▸ **Work task**
Would you transcribe the entries below, beginning at the line with "Tommy Hilfiger TH" and ending after the line with "cộng tác của hoàng đế chapter 15 14", exactly, with no picture and nothing more?

[Opening Records supplied section]

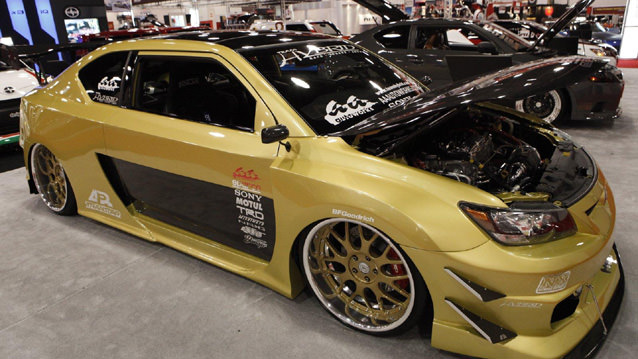 SEMA 2010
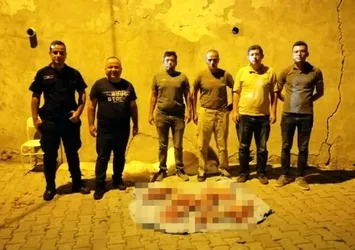 Kaçak avcılara 32 bin 860 lira ceza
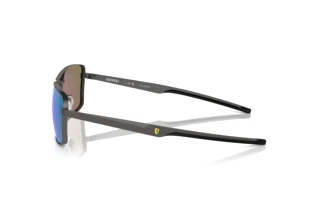 Vue latérale Ferrari Scuderia FZ5001 (109/9R)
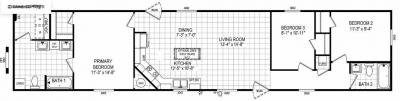 Mobile Home at 725 Smiley St Lot Sm725 Lebanon, IN 46052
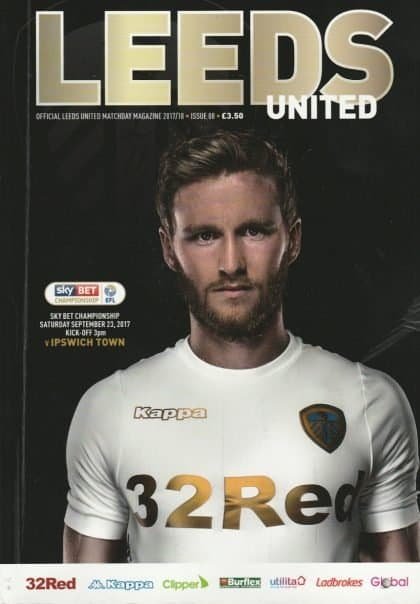 Leeds United v Ipswich Town 23-Sep-2017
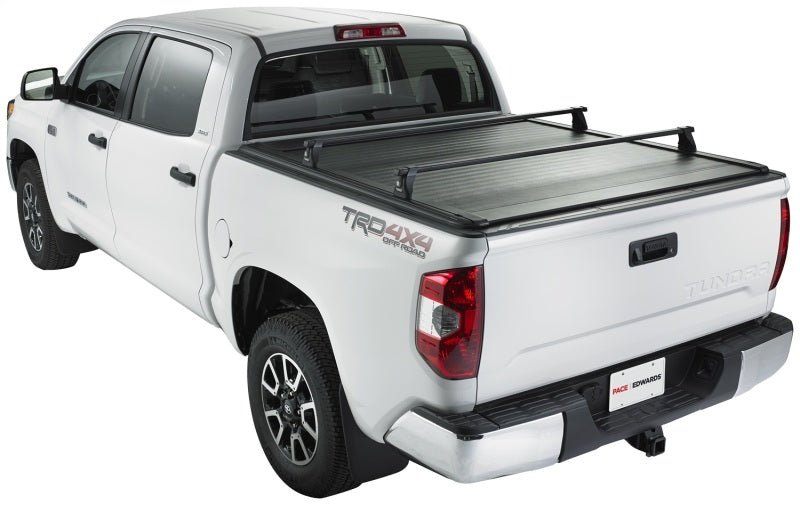 Pace Edwards 2016 Nissan Titan 6ft5in Bed UltraGroove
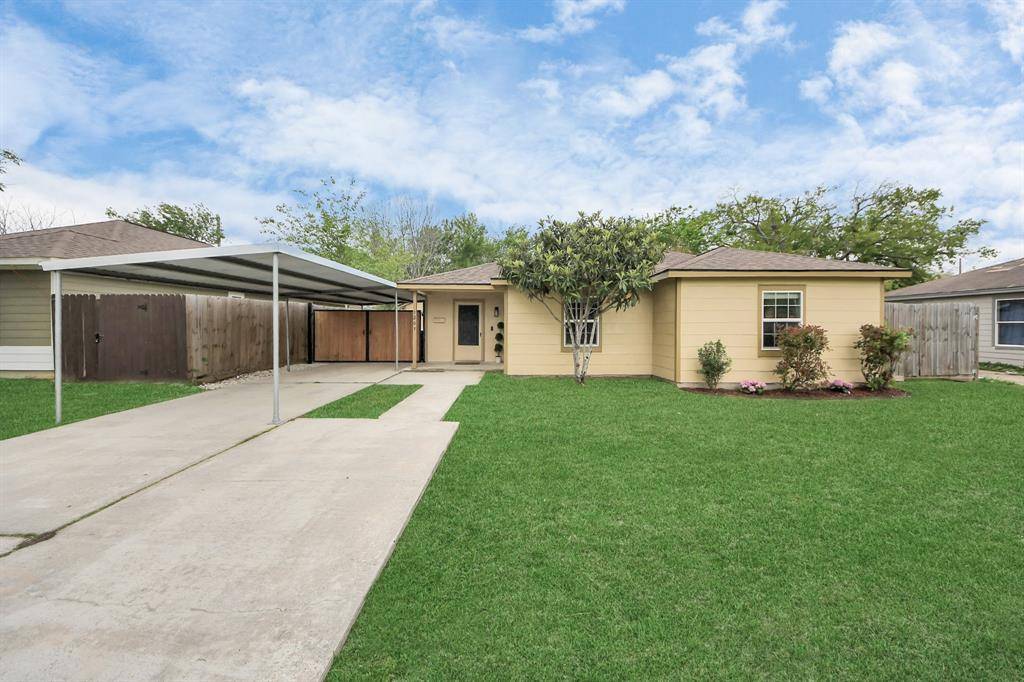 Pasadena, TX 77506,1207 Glenn AVE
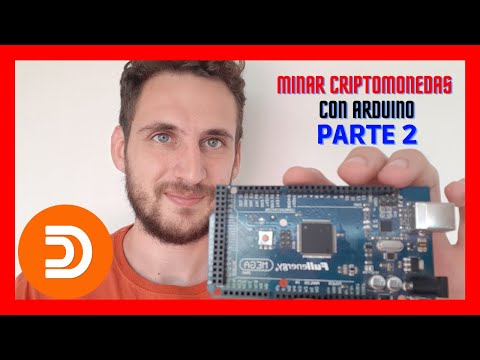 👉Proyecto ARDUINO #28: Mina con tus Arduinos usando ESP8266 como host 🤑 MUY FACIL!!!!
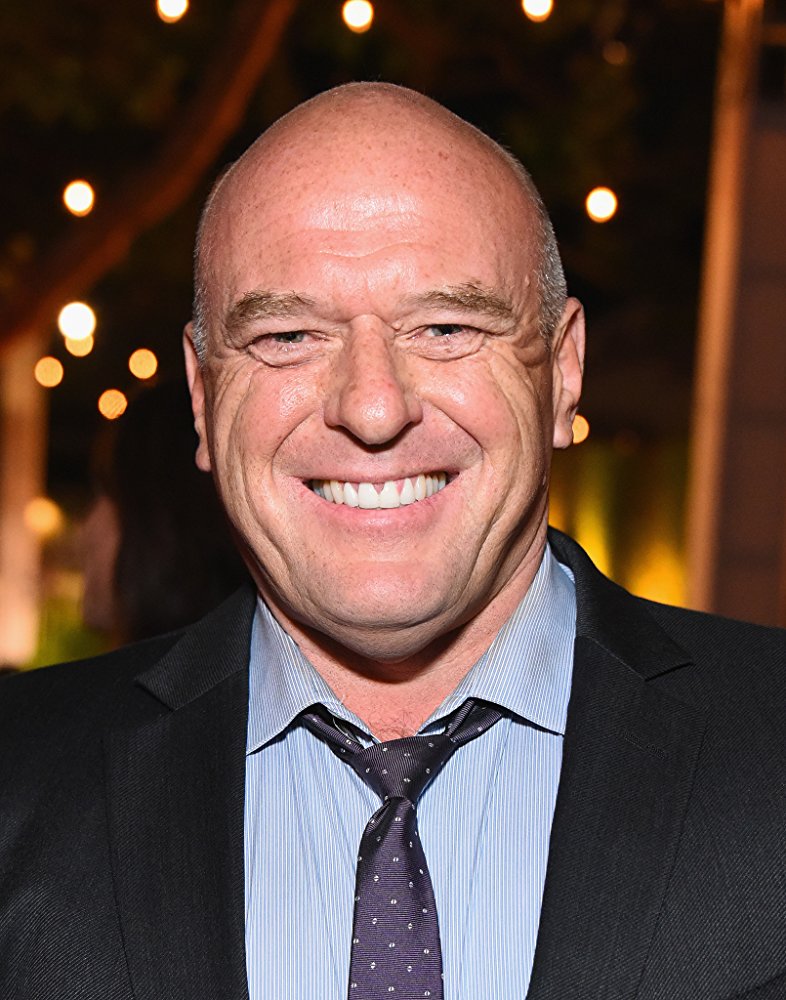 Dean Norris Heads Under The Dome, Movies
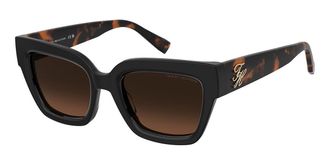 Tommy Hilfiger TH 2402/S 807/M2 Womens Sunglasses Size 53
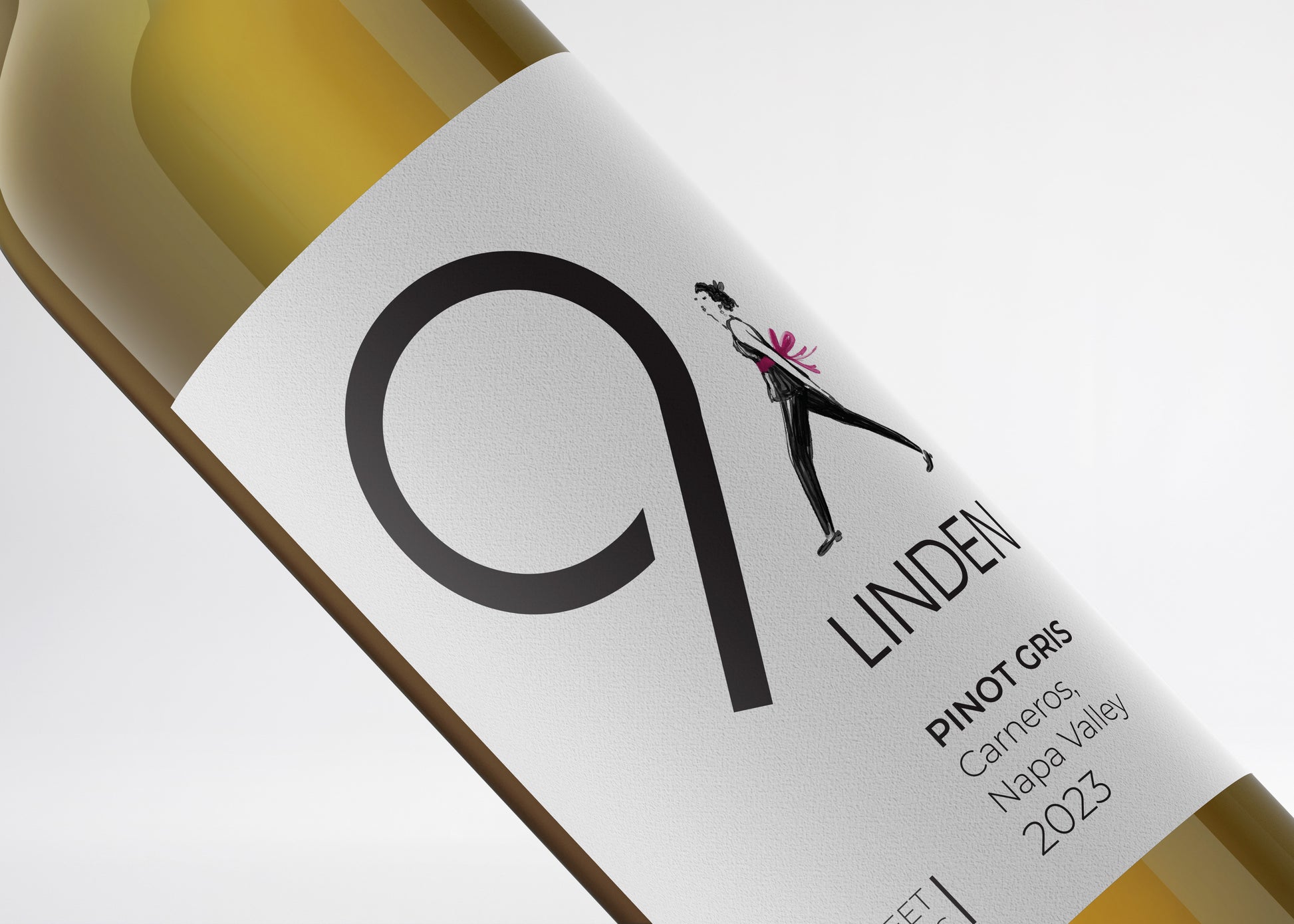 9 Linden Pinot Gris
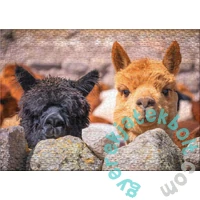 Ulmer 500 db-os puzzle - Alpaca (3733)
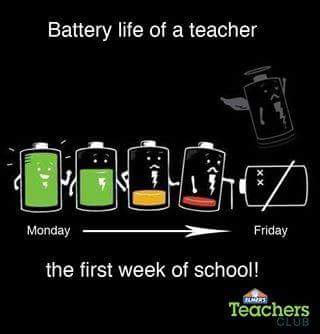 NancyTovarWH's tweet photo. Hang in there, #EPISD teachers! http://t.co/D1TXAD67Bj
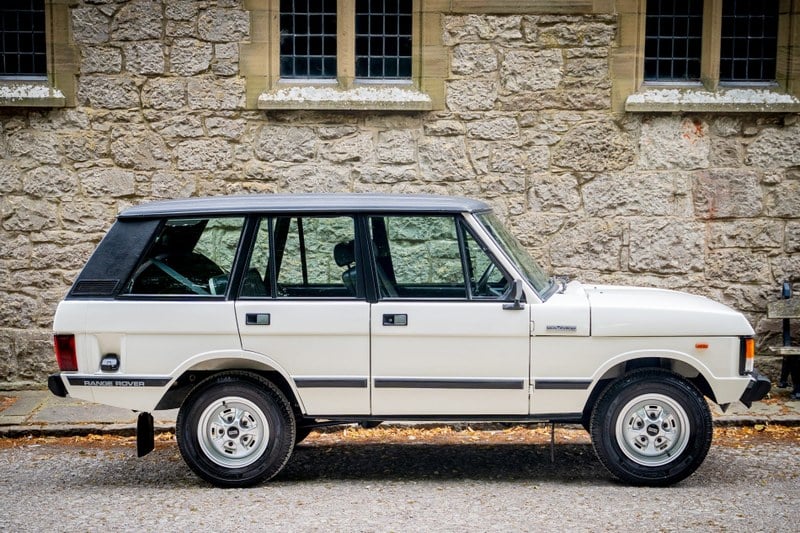 1981 Land Rover Range Rover - 2 1981 Land Rover Range Rover - 2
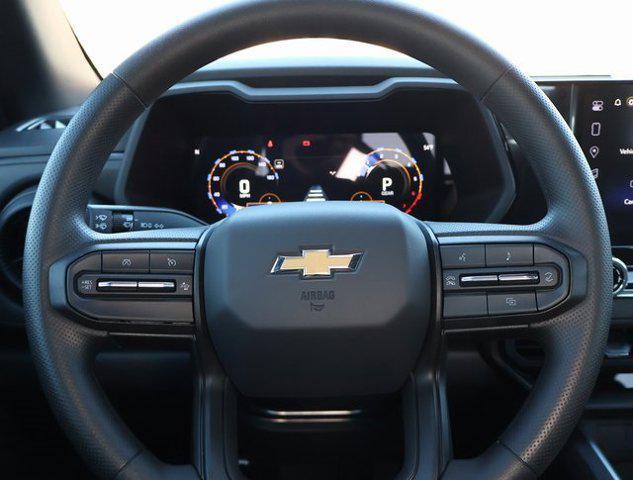 new 2025 Chevrolet Colorado car, priced at $36,440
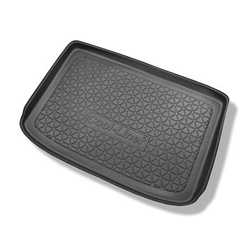 Méretre készült csomagtérszőnyegek: Mercedes-Benz A osztály W169 Hatchback (09.2004-08.2012) - csak felső csomagtartóra; a polcra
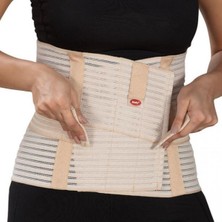 Özbience Lumbosakral Destek Korsesi 32 Cm, Rahat ve Hafif Tasarım, S-M Beden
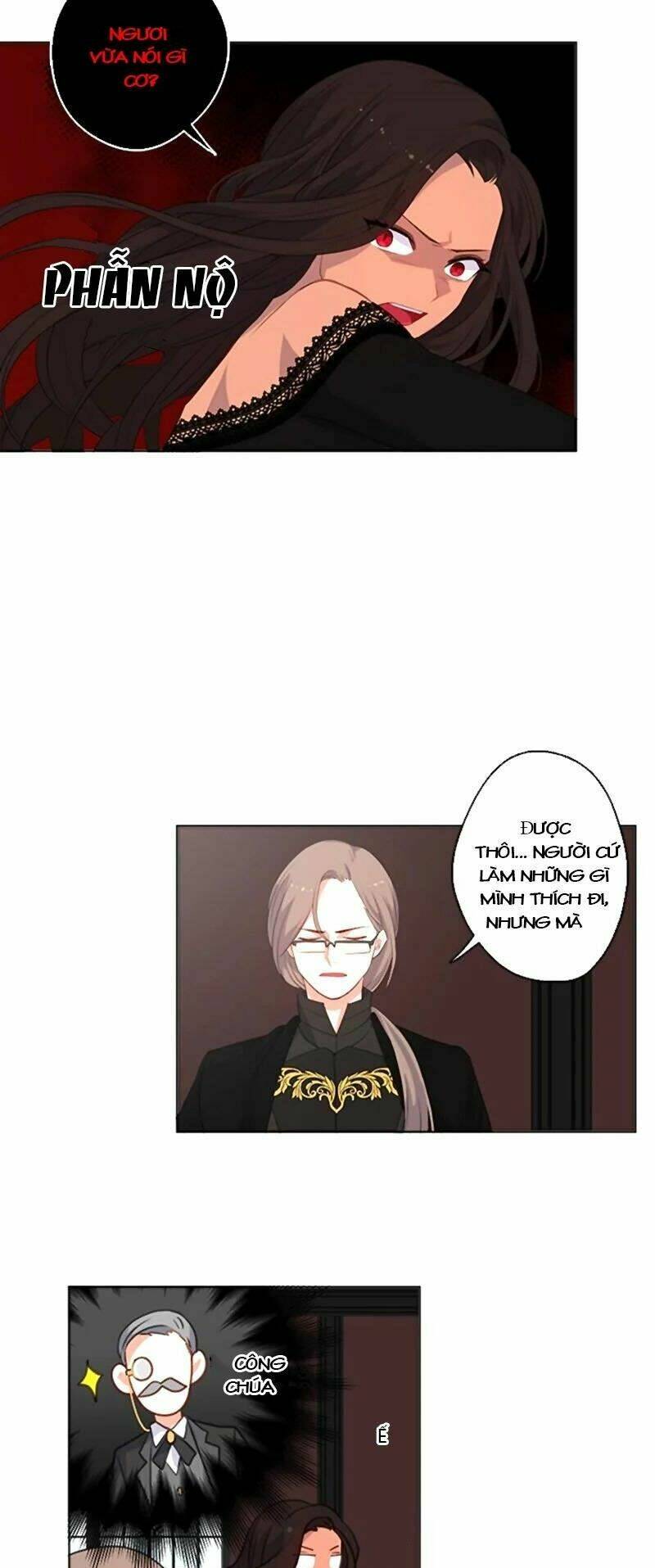 cộng tác của hoàng đế chapter 15 14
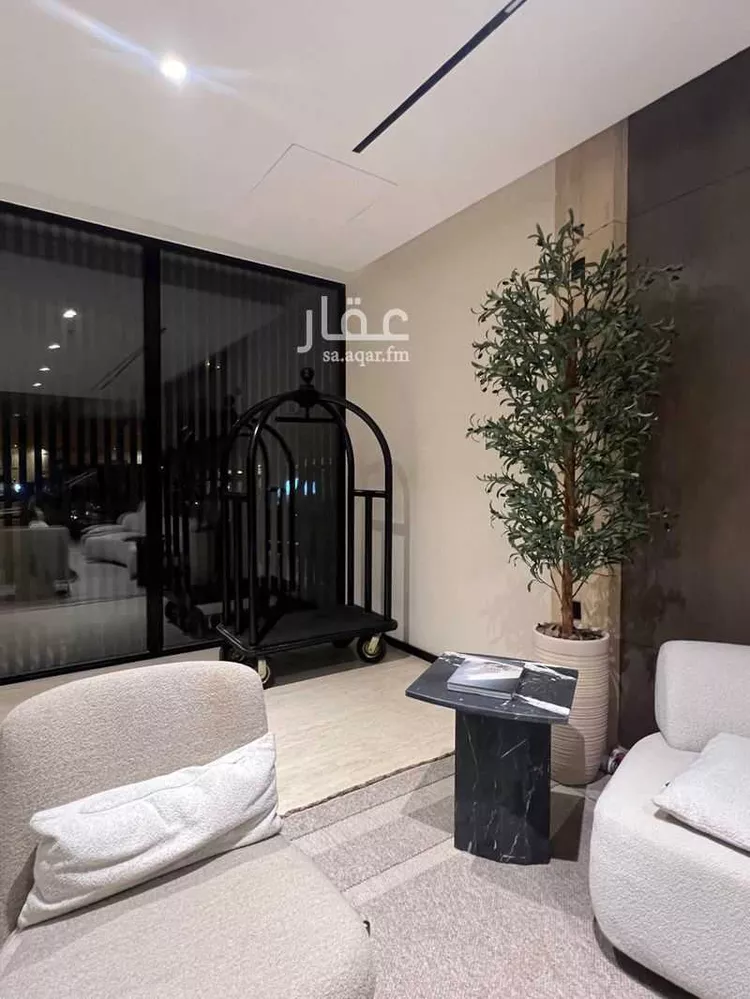 شقة للإيجار في شارع أرجوان, حي الملقا, مدينة الرياض, منطقة الرياض صورة 3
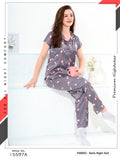 Satin NIght Suit 15597A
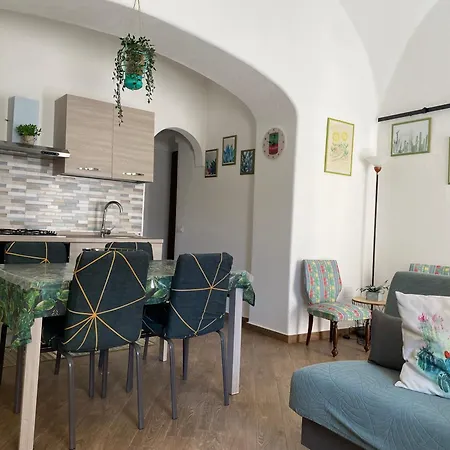 Appartamento La Fortezza Forio di Ischia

[Closing Records supplied section]

▸ **Answer for the task**
 Tommy Hilfiger TH 2402/S 807/M2 Womens Sunglasses Size 53
 9 Linden Pinot Gris
 Ulmer 500 db-os puzzle - Alpaca (3733)
 NancyTovarWH's tweet photo. Hang in there, #EPISD teachers! http://t.co/D1TXAD67Bj
 1981 Land Rover Range Rover - 2 1981 Land Rover Range Rover - 2
 new 2025 Chevrolet Colorado car, priced at $36,440
 Méretre készült csomagtérszőnyegek: Mercedes-Benz A osztály W169 Hatchback (09.2004-08.2012) - csak felső csomagtartóra; a polcra
 Özbience Lumbosakral Destek Korsesi 32 Cm, Rahat ve Hafif Tasarım, S-M Beden
 cộng tác của hoàng đế chapter 15 14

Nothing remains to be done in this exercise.